Commercialisti: ingiunzione al cliente ok, se c’è preventivo

Secondo il Tribunale di Varese, è decaduto l’obbligo di presentare il parere dell’associazione professionale.
Autore: Redazione Fiscal Focus

Ok all’ingiunzione - Anche se il professionista non allega il parere dell’associazione professionale di riferimento, il Tribunale può accogliere la sua richiesta di decreto ingiuntivo ai danni del cliente moroso. E’ quanto emerge dal decreto dell’11 ottobre scorso emesso dal Tribunale di Varese, Sezione prima civile.

Il parere dell’associazione professionale – La mancanza di siffatto documento nella richiesta del dottore commercialista in questione non rappresenta un difetto della stessa richiesta. A ben vedere, se fino all’esistenza del tariffario relativo alle prestazioni professionali risultava necessario presentare un rapporto circa la posizione dell’associazione di riferimento, con la soppressione delle tariffe vengono meno anche le disposizioni stabilite dal comma 1, art. 2233 del C.c. In particolare, non è più previsto quale requisito complementare l’inoltro, in allegato all’istanza d’ingiunzione, del rapporto dell’associazione professionale, in quanto si trattava di un’operazione legata al tariffario. A venir meno sono anche le indicazioni stabilite all’art. 634 del C.pc, che in sostanza avevano un loro peso nel calcolo della parcella.

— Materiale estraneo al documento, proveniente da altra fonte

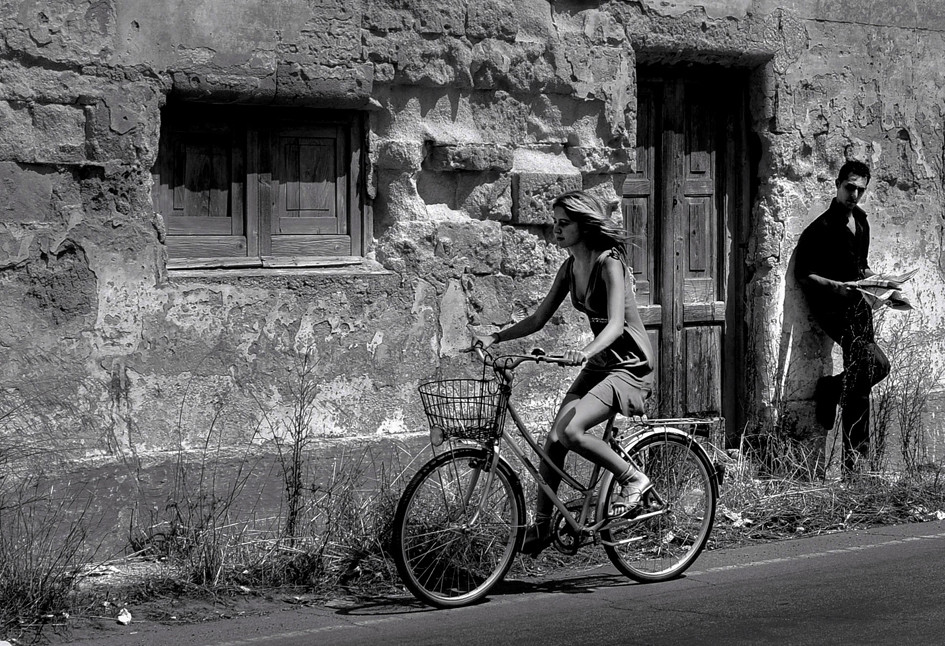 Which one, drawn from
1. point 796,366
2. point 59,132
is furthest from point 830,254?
point 59,132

L’importanza del preventivo – “Posto che, per i professionisti, l’ingiunzione non richiede più il parere professionale, vi è allora da chiedersi, però, quale documentazione sia necessaria per soddisfare i requisiti di cui all’art. 633 c.p.c. Certamente sufficiente è l’accordo con il cliente di cui all’art. 9 comma IV l. 27/2012 oppure il preventivo di cui discute sempre la medesima norma: si tratta di documenti che testimoniano il rapporto professionale ed il suo contenuto ‘economico’. Per quanto qui di rilevanza, tale principio è sufficiente: il creditore, infatti, ha allegato il contratto scritto con il suo cliente (incarico) che offre una base probatoria solida per riconoscere al credito un valore liquido, certo ed esigibile”. Con queste parole il decreto del Tribunale di Varese spiega che per ottenere il saldo del compenso da parte del cliente reticente tramite l’ingiunzione, il dottore commercialista dovrà avere prove incontrovertibili che rispondano ai requisiti previsti dal citato articolo 633 del C.p.c. Nello specifico, s’è visto che un documento di tal genere è proprio il preventivo scritto o un altro accordo col cliente registrato in forma scritta, che possa in ogni caso attestare l’avvenuto incarico professionale, che nel caso in oggetto risaliva al 2006. Per concludere, quindi, se non è necessario il parere dell’associazione professionale di riferimento, ai fini dell’emissione di un decreto ingiuntivo ai danni del cliente sarà comunque opportuno presentare una sorta di contratto scritto nel quale il dottore commercialista abbia preliminarmente illustrato le coordinate dell’incarico e del compenso.